For some reason, this sounds extremely ridiculous to me...
Every time I read something on scalability it's CPU, Memory, Caching, etc, etc, and here I'm getting the bottleneck on the network card itself.
We serve all our content gzipped, and our home page is kind of heavy, but not THAT much. I would've never expected the network card to be the bottleneck.
Is this normal?
Is everyone having public facing websites using a 1Gbps network card?
I thought 100 Mbps would be the standard.
Am I looking at something wrong? Am I interpreting the graph in the Networking tab incorrectly?

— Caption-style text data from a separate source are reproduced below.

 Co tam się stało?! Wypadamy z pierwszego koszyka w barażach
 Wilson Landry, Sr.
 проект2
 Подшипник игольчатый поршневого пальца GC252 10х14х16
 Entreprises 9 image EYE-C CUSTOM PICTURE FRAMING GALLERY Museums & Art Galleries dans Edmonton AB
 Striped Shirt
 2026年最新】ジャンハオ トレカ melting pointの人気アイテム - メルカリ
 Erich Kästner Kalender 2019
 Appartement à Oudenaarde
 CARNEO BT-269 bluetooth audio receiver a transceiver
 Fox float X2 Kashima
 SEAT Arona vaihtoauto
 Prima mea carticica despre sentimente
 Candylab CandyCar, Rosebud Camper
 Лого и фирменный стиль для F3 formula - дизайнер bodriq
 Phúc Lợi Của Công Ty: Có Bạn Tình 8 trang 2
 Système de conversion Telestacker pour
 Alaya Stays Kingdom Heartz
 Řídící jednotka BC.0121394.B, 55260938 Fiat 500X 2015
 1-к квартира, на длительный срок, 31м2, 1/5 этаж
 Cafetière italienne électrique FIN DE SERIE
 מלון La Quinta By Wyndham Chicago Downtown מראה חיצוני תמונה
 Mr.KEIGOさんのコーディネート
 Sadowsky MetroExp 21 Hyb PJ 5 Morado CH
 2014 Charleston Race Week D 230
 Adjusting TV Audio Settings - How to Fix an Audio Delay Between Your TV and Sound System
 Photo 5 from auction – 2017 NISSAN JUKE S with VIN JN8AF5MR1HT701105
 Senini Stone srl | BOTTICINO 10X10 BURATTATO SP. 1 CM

NOTE: I can think of a number of ways to fix this, starting with getting a 1 Gbps card, and moving static files to their own server(s). My question is mostly around whether everyone is simply using 1 Gbps connections, which would surprise me enormously.
Bandwidth as the first bottleneck is not something I'm too surprised about. CPU, RAM, HD and all the other components have all come on in leaps and bounds over the years, whereas 100 Mbps has been there for over a decade now. So you're in a situation where you've got a good box that's more than capable of handling a typical load, but it's connected using decade+ old technology.
Even so, are you quite certain that your 100 simultaneous user simulation is an accurate reflection of what real world traffic would be like? With 100 absolutely simultaneous hits, it only requires to serve 1 megabit each, or 128K each, for you to hit peak traffic. That's a very low ceiling, and my feeling is that - unless you're certain you're going to be getting that kind of usage - you might need to revise your load testing.
It sounds exactly like you are saturating your available bandwidth. You either need to cut down on your bandwidth or switch to a 1Gbps card, which is what I'd normally expect to find in a publicly facing web server (certainly has been the case with every server class machine I've touched in the last 10 years - where did you find a server with a cheapo 100mbps card anyway? Is it really a repurposed desktop?).
Some things to check or consider:
For years the simpler, less capable web servers have been touting their speed, and for years Apache aficionados have been noting that Apache is fast enough to easily saturate the network interface. Sounds like you have an efficient site. Are you really pumping 100 megabits, or is the network stack just taking up a lot of CPU?
I'd recommend to check the network side of your environment:
If there are no problems, upgrade to gigabit (which should be the standard for servers anyways).